Currently in America 7
By Steve
- 330 reads
Jim Morrison wanted to systematically derange the senses of America. He could not stand the light, pop culture of America which was in some ways a "moderation" of black blues, gospel, and jazz and other types of music. IT required that everyone smile, be seemingly happy, and be white. Extremes were considered to be dangerous. But this view of reality, this rococo lightness, this frivolousness, and coca-cola happiness... it's very unreal and carbonated. In one sense, it is an extreme culture of superficiality. Also, the senses are coded with stereotypes by the Apollonian power structure so that it is extremely difficult to change. If you drop your stereotypes, you face the unknown and it is assumed that the unknown is an extreme. The unknown is infinite. There is tons of information we do not know.

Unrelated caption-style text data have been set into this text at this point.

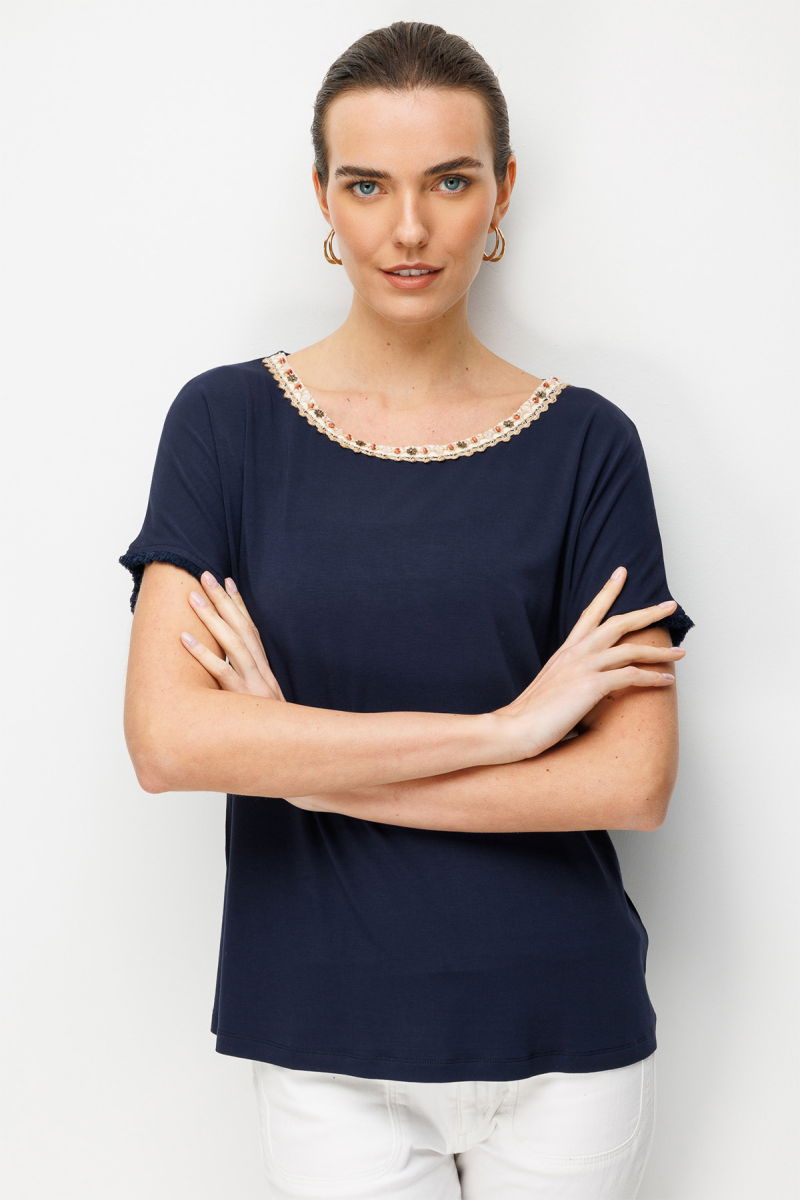 Desen Triko Kadın Sıfır Yaka Yakası Hasır Aksesuarlı Penye T-Shirt 26819 Lacivert - 3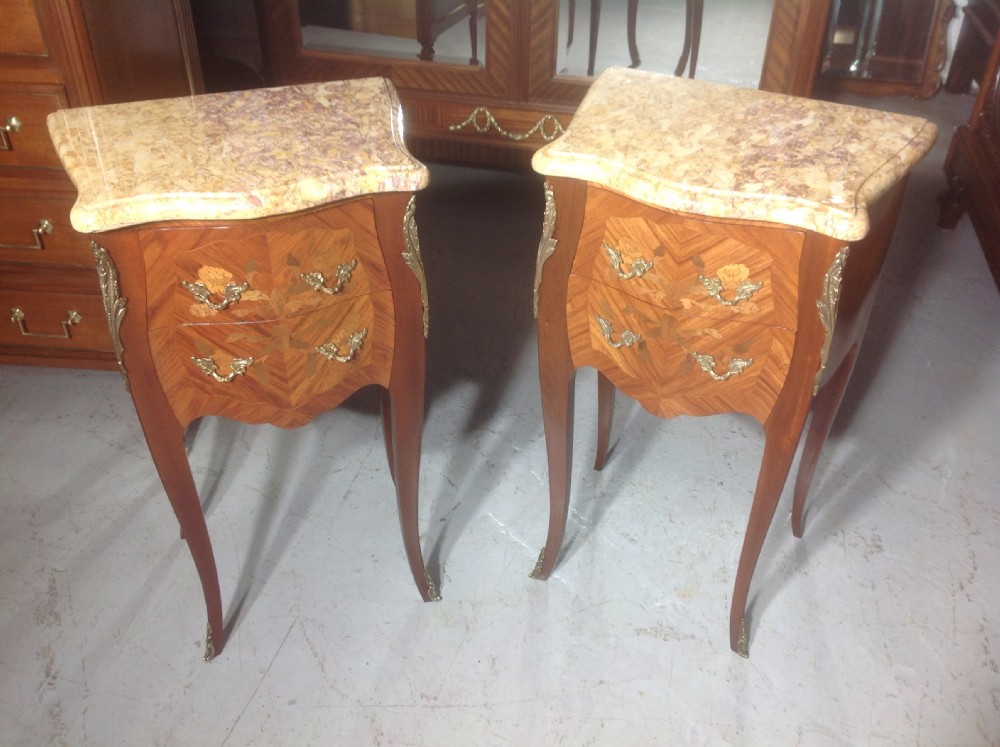 PAIR OF FRENCH INLAID BEDSIDE CABINETS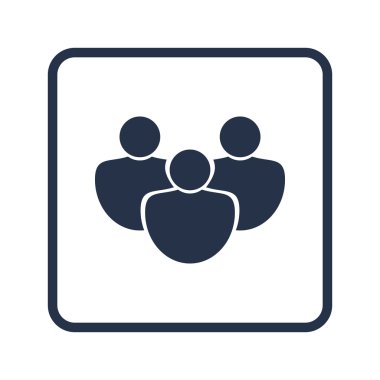 Kullanıcılar simgesi, beyaz arka plan, yuvarlak dikdörtgen kenarlık, mavi anahat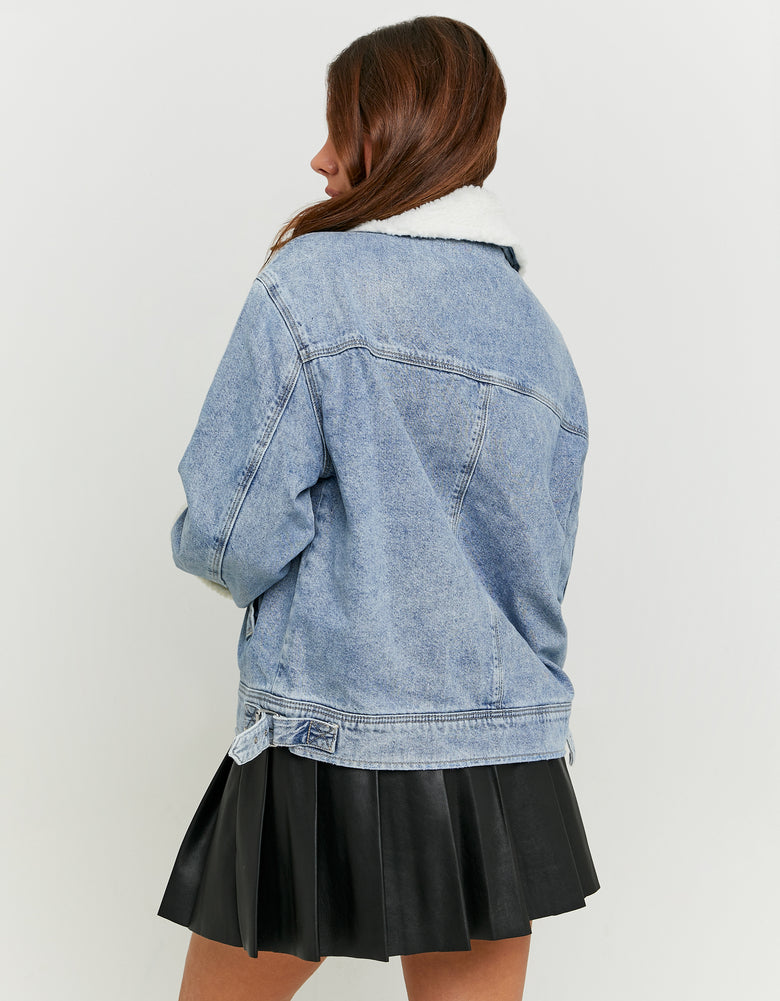 Denim Jacket with Shearling Details | Blue Wash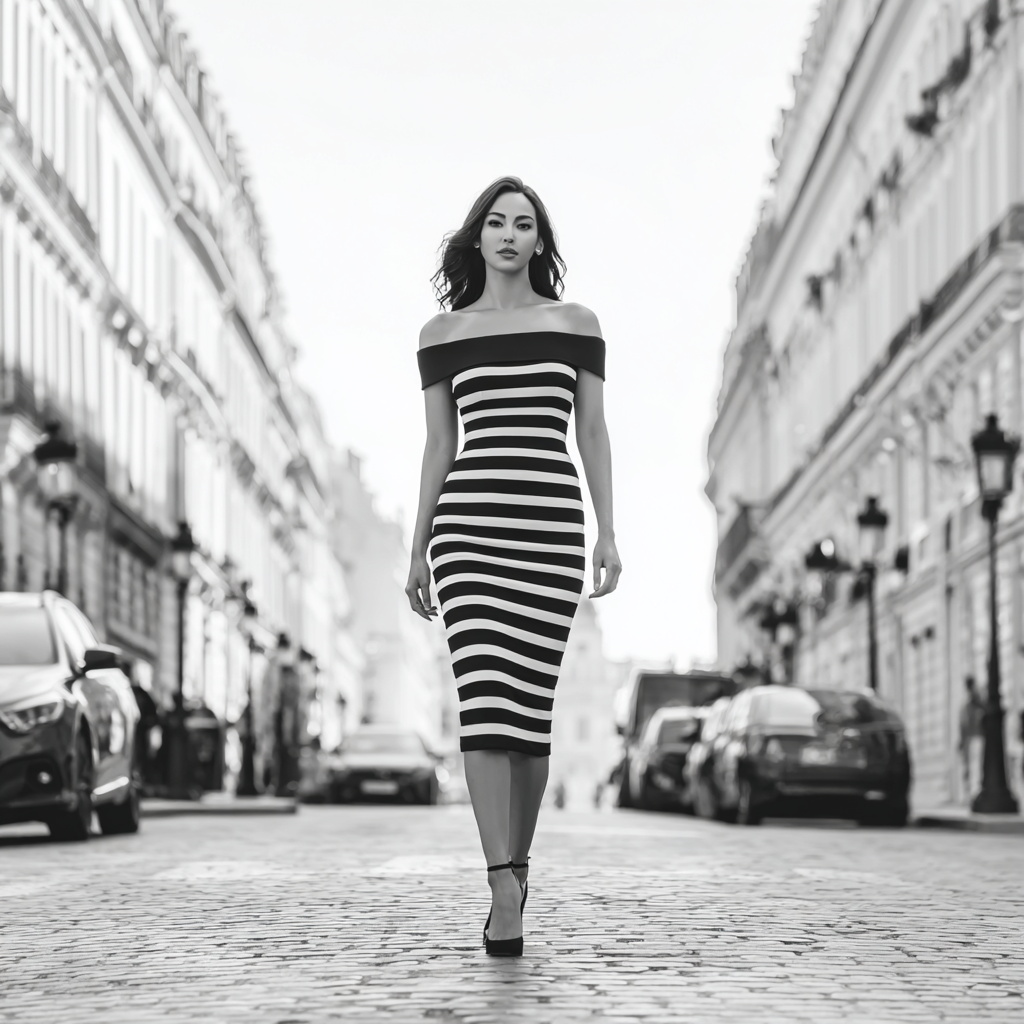 Stylish Woman in Striped Dress on Urban Street
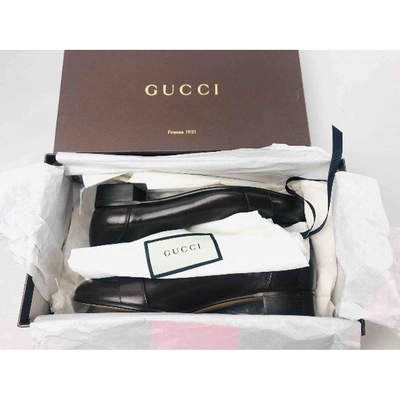 Pre-owned Gucci Brixton Brown Leather Flats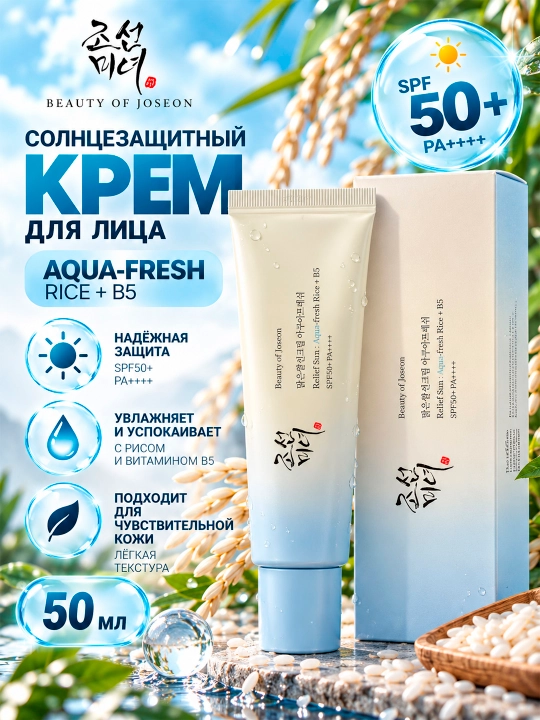 BEAUTY OF JOSEON Ta'sirchan teri uchun quyosh kremi Aqua-Fresh Rice + B5 SPF50+ PA++++ - 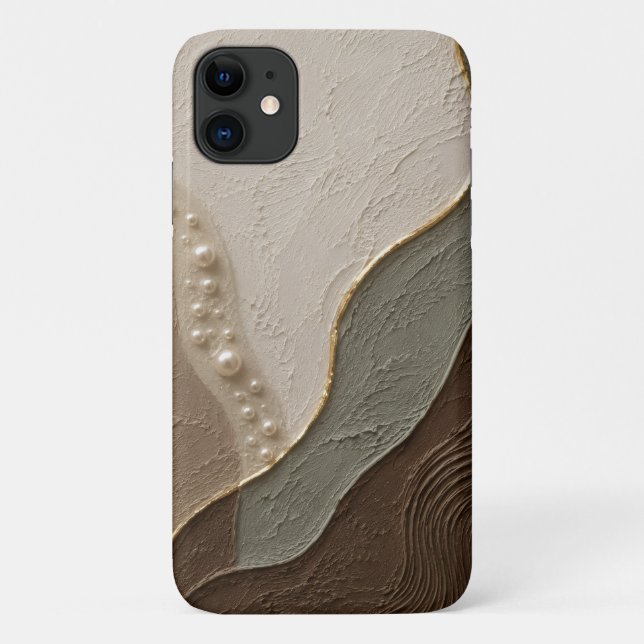Japandi Neutral Textured Design  Case-Mate iPhone Case (Back)
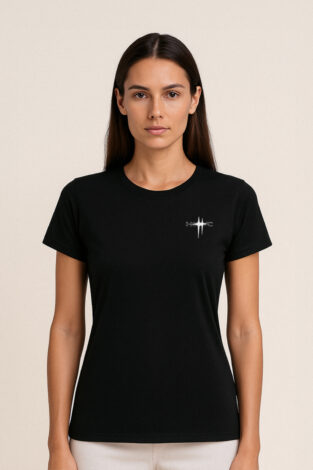 Camiseta Preta Algodão Pima Corte Feminino - (Re)AJA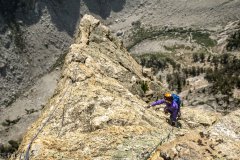 The cool knife edge near the top of the route.  We had two other parties sharing the route with us.  The belays are comfy and there are enough variations to keep us all moving well.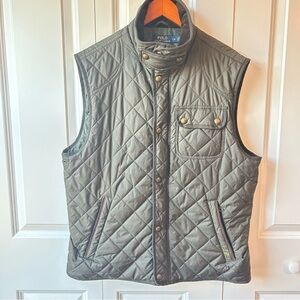 Polo Ralph Lauren Quilted Vest Olive Green Size L‎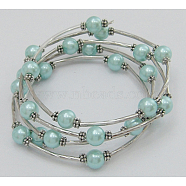 Fashion Wrap Bracelets, Glass Pearl Bracelets with Tube Beads, Cyan, Bracelet: about 60mm inner diameter(X-J-JB00041-01)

"Hello, I love you, won't you tell me your name?" His lyrics here have a predetermined sense of love. Jim Morrison loves someone he doesn't even know. But can you really love someone you know fully? Does Juliet really love Romeo at the end of Romeo and Juliet after all the mistakes he has made, after all the modes of miscommunication, after trusting people too much, after being unable to stop the murder of Mercutio? Or is Jim referring to reincarnation of a soul he has met in another life? Or is he presuming that women love nature, love Dionysius, no matter how they deny it?
"Hello, I love you, let me jump in your game?" Women play games to test men. Certainly Penelope in the Odyssey creates a vast web of a game and only Odysseus survives. Jim wants to jump in the game in which there are many players. "Jumping in a game" suggests that Jim is careless, reckless or bold. Jim is asking questions which may reveal to him what kind of women he is confronted with.